Nous sommes en train de réaliser une opération baptisée « Un comité, une école ». Chaque Comité départemental de la Ligue se rend à minima dans une école pour interroger les enfants âgés de 9 à 14 ans sur les risques du cancer et comment s’en protéger. Les élèves vont ainsi pouvoir s’exprimer très librement sur ces sujets.

Nous allons évidemment maintenir et accroître nos efforts pour soutenir la recherche, car il s’agit de continuer à favoriser l’émergence de nouveaux progrès thérapeutiques. Mais ces progrès s’accompagnent d’un nouveau défi : le prix des médicaments anticancéreux innovants. Nous allons poursuivre notre combat contre leur coût exorbitant qui menace notre système de santé et la Sécurité sociale. En effet, plus les travaux de recherche avancent, plus on se rend compte que pour atteindre une efficacité maximale de traitement, il faut combiner plusieurs médicaments… et le prix du traitement explose.

En France, les prix des médicaments sont négociés par le Comité économique des produits de santé (CEPS). Or cette négociation, unique pour tous les médicaments, se fait dans des conditions peu transparentes. Nous demandons que les usagers puissent être membres actifs de ces négociations et y apporter leur connaissance de la vie réelle.

 

 

En quoi la donne a-t-elle changé en matière de prévention contre le cancer ?

J. G. : Le numérique et les réseaux sociaux ont apporté une nouvelle forme de proximité avec nos publics, et notamment les 15-25 ans. La Ligue est présente sur les réseaux sociaux et capitalise de plus en plus de « fans » et de « followers ». C’est un important vivier de prospection. Les réseaux sociaux constituent également d’excellents relais pour nos messages de prévention à destination des jeunes adultes.

Il est important d’actionner tous les leviers, car en France, les campagnes de prévention ont parfois du mal à être entendues. Par exemple, cela fait des années que l’on communique sur l’importance du dépistage du cancer du sein… mais le taux de dépistage ne dépasse pas 54 %, malgré les efforts de l’INCa et des Comités départementaux de la Ligue.

 

Le gouvernement a lancé un nouveau plan contre les déserts médicaux. Dans votre mission, comment prenez-vous en compte cette problématique de l’accès aux soins ?

J. G. : L’évolution de l’accès aux soins des Français est de plus en plus inéquitable, pour plusieurs raisons. C’est entre autres le coût toujours plus élevé des médicaments anticancéreux. C’est aussi l’éloignement des centres de soins, avec la fermeture d’hôpitaux, qui pose des problèmes importants pour les chimiothérapies.

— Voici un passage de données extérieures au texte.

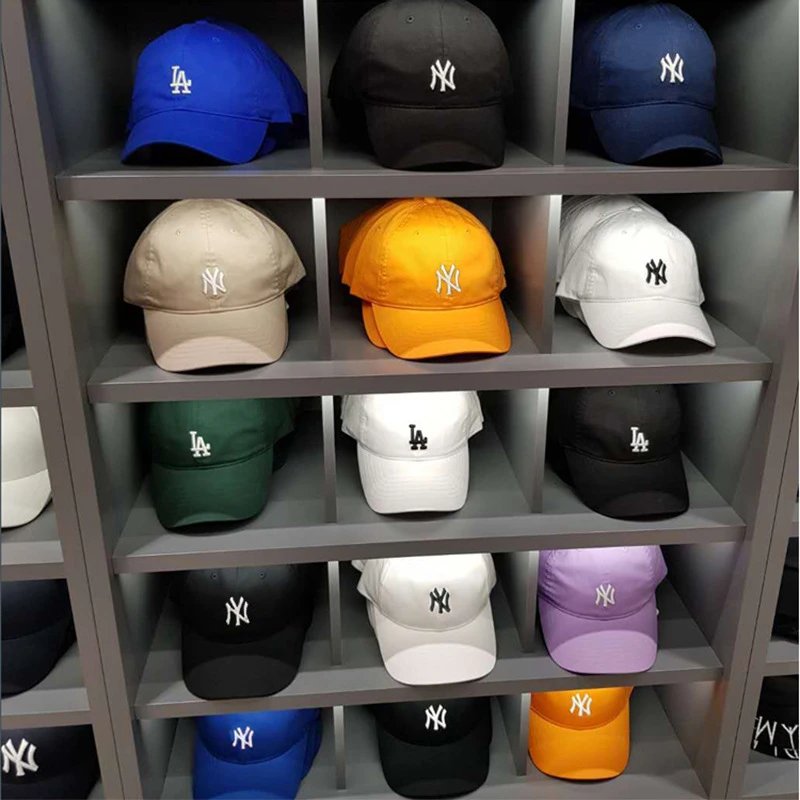 MLB Los Angeles Dodgers Classic Dad Hat Burgundy Baseball Cap - 5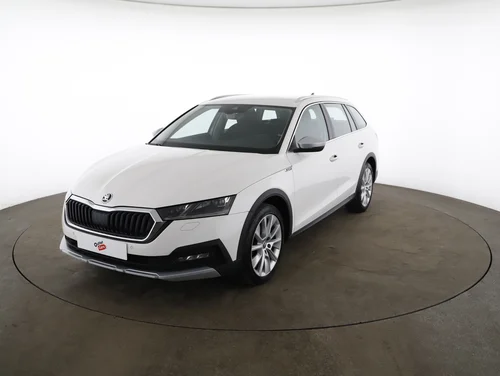 Škoda Octavia Combi 4x4 SCOUT TDI DSG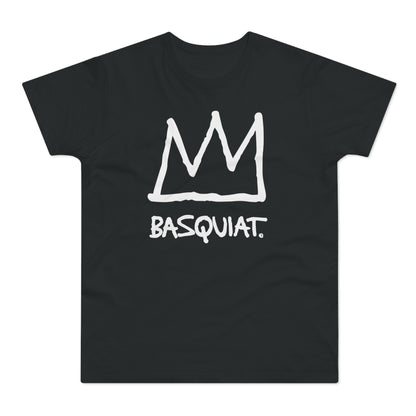 Jean Michel Basquiat Crown Logo Camiseta (Estándar)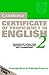 Cambridge Certificate of Pr...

Ce sont les difficultés d’accès aux médecins généralistes. Or, de plus en plus de cancers pourront être traités par voie orale. Ces patients devront être suivis par un médecin généraliste.

Il faut aider les généralistes par une information continue sur l’évolution des traitements, ainsi que d’autres professionnels de santé amenés à jouer un rôle dans le traitement ambulatoire des cancers : les pharmaciens, les paramédicaux (kinés, infirmiers libéraux…). C’est une nouvelle problématique d’accompagnement des malades, rendue plus aiguë par les déserts médicaux, qui émerge. Cela fait partie de nos combats dès 2018.

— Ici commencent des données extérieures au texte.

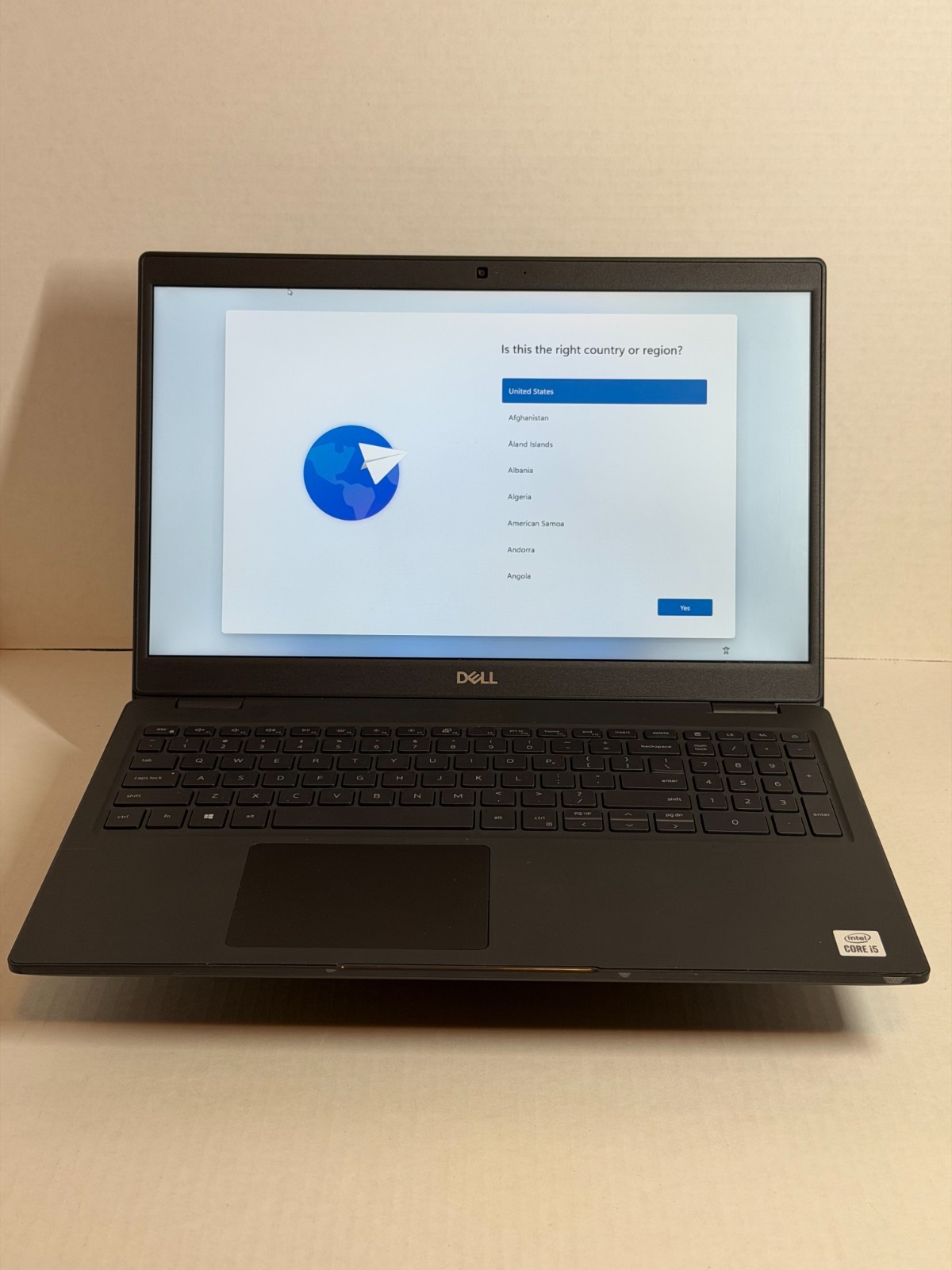 Dell Latitude 3510 Intel i5-10310U 1.7GHz 16GB RAM 500GB HDD Windows 11 – Gray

Aujourd’hui, il existe 103 Comités départementaux, présents en plusieurs sites dans chaque département. Cette proximité avec les Français est capitale. Elle nous permet de connaître et de recenser tous les besoins de la population. Nous rédigeons chaque année le rapport de l’Observatoire sociétal des cancers. Ce document est utilisé par les pouvoirs publics.

 

Les mutuelles peuvent-elles s’associer à votre combat ?

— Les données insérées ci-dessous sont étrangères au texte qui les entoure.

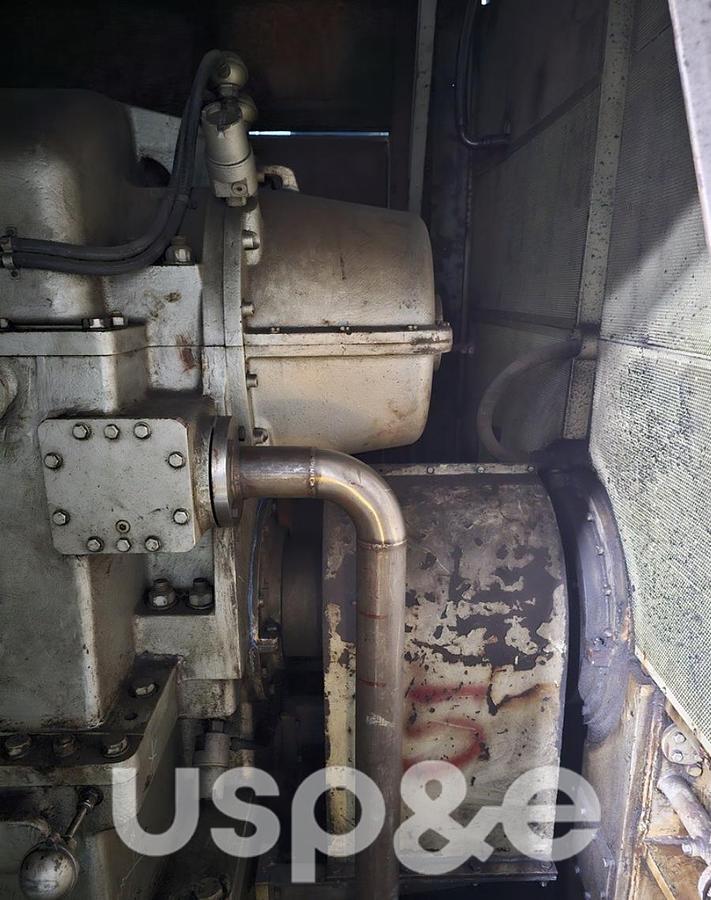 Used 39.6 MW 2000 Used GE PG6561B Natural Gas Generator Set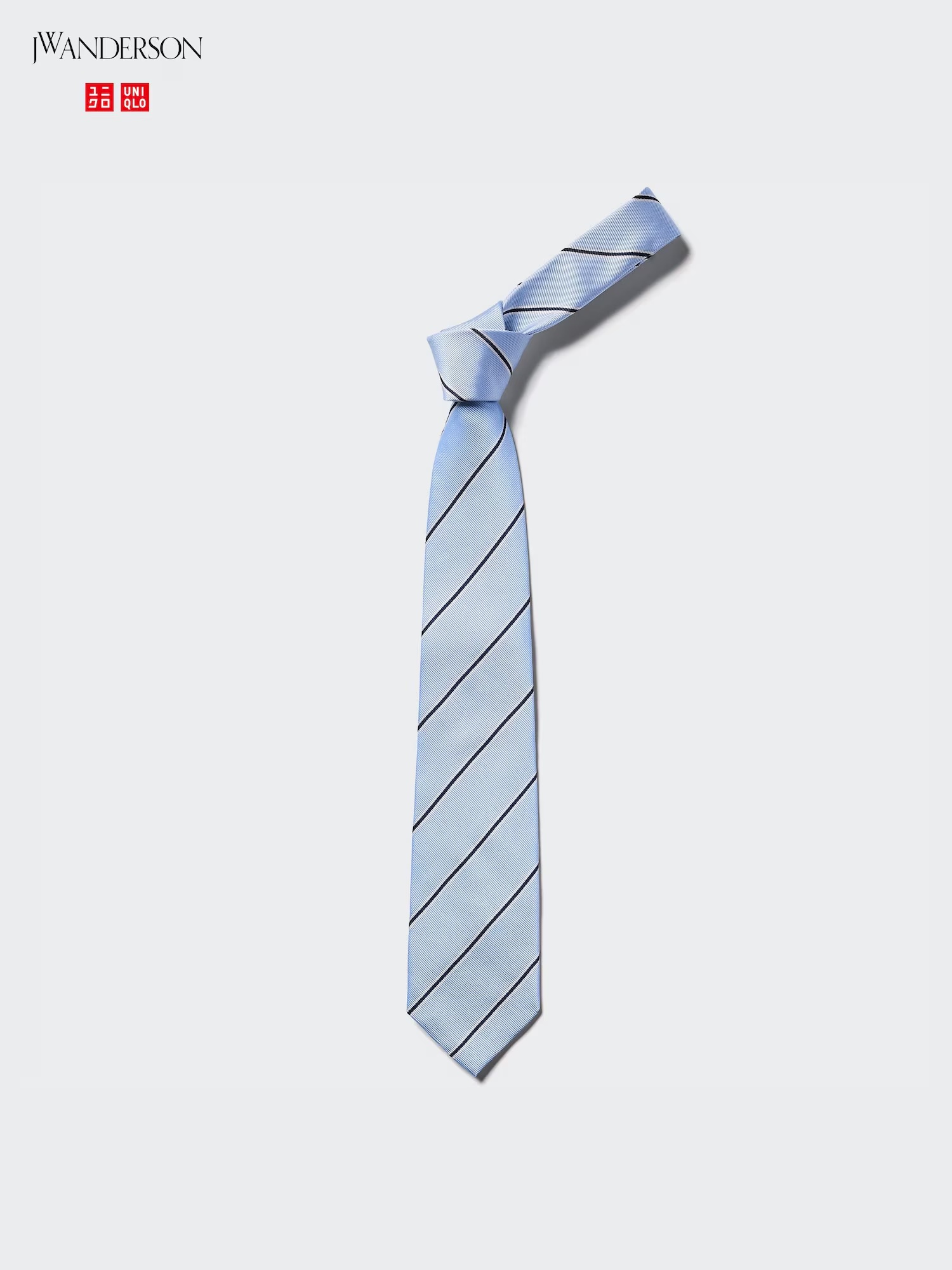 Striped Silk Tie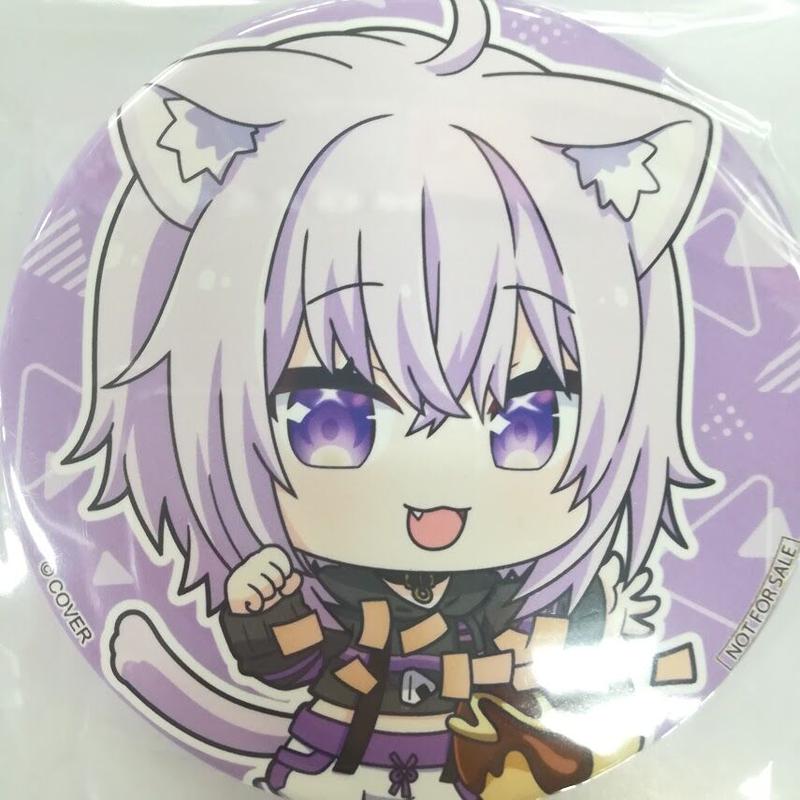 ホロライブ ☆ 缶バッジ ☆ 猫又おかゆ ☆ ガチャ - メルカリ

J. G. : Les mutuelles ont un rôle à jouer. Et il deviendra de plus en plus important dans la mesure où celui de notre système de santé solidaire pourrait se trouver réduit. Il est souhaitable que les mutuelles, très largement implantées sur le territoire, agissent auprès de la population pour mener des actions de prévention et d’éducation à la santé. Mais elles peuvent aussi œuvrer de façon harmonieuse avec la Ligue, en portant le plaidoyer de nos actions et des besoins des Français auprès des décideurs politiques. Il y a des collaborations inédites à inventer entre les associations et les mutuelles. La santé est un bien précieux qui mérite de casser les silos et une approche parfois iconoclaste, en rassemblant le maximum de forces, de créativités et d’acteurs.